Colorado Governor Jared Polis is asking the State Land Board to help provide more housing space for the state’s public teachers.
That effort has seen the State Land Board leasing out property owned by the state at 1275 Sherman Street in the Capital Hill area of Denver to a private developer.
In turn, the developer, Denver-based Mile High Development, has agreed to tear down two abandoned warehouses in order to make way for the construction of a $31 million six-story affordable housing project that will include 103 housing units.
As part of the multi-layered deal, Mile High Development is receiving up to $2.2 million in tax credits and has agreed to return some $200,000 for use by the state’s public schools.
The State Land Board oversees around 2.8 million acres in trust lands, as well as up to 650,000 square feet of commercial real estate. The trust lands are usually leased out for such enterprises as energy exploration and farming.
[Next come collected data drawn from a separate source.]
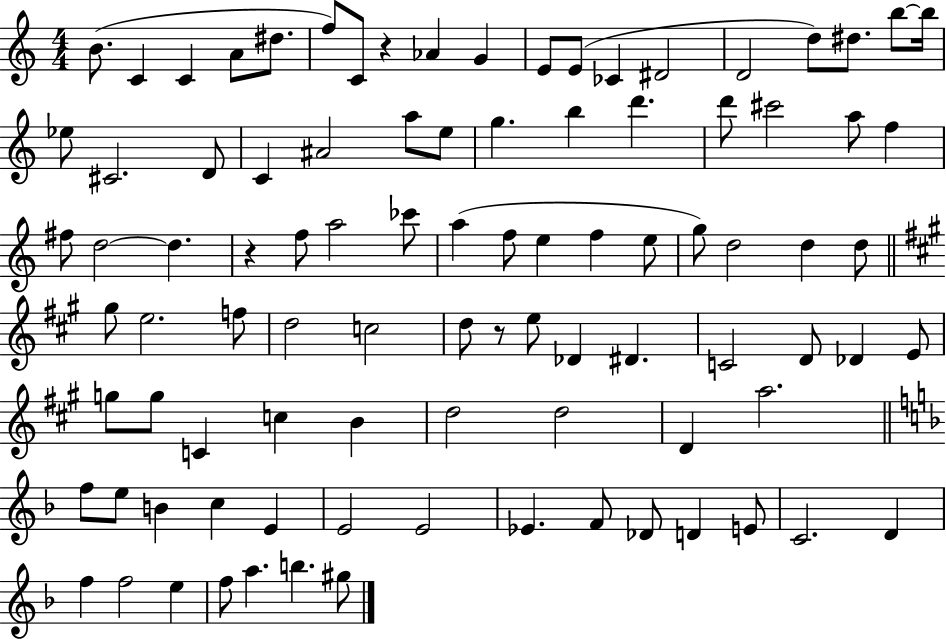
{
  \clef treble
  \numericTimeSignature
  \time 4/4
  \key c \major
  \repeat volta 2 { b'8.( c'4 c'4 a'8 dis''8. | f''8) c'8 r4 aes'4 g'4 | e'8 e'8( ces'4 dis'2 | d'2 d''8) dis''8. b''8~~ b''16 | \break ees''8 cis'2. d'8 | c'4 ais'2 a''8 e''8 | g''4. b''4 d'''4. | d'''8 cis'''2 a''8 f''4 | \break fis''8 d''2~~ d''4. | r4 f''8 a''2 ces'''8 | a''4( f''8 e''4 f''4 e''8 | g''8) d''2 d''4 d''8 | \break \bar "||" \break \key a \major gis''8 e''2. f''8 | d''2 c''2 | d''8 r8 e''8 des'4 dis'4. | c'2 d'8 des'4 e'8 | \break g''8 g''8 c'4 c''4 b'4 | d''2 d''2 | d'4 a''2. | \bar "||" \break \key d \minor f''8 e''8 b'4 c''4 e'4 | e'2 e'2 | ees'4. f'8 des'8 d'4 e'8 | c'2. d'4 | \break f''4 f''2 e''4 | f''8 a''4. b''4. gis''8 | } \bar "|."
}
Revenue earned from leases is then sent back to Colorado’s public schools. In the last decade such revenue has equaled more than $1.4 billion.
Polis, in a public letter to State Land Board President Gary Butterworth, has proposed that the trust lands “could be utilized to create affordable housing solutions for teachers in Colorado.”
Exactly how much of those lands could be turned over to affordable housing development, and how many private developers would be interested in such a program, is not yet known.
According to the Colorado Department of Education, the average salary last year for a teacher in the state was almost $53,000, substantially below the $61,700 national average.
At the same time, rents in Colorado, particularly in metro Denver, are beginning at $1,700 per month for a one-bedroom apartment.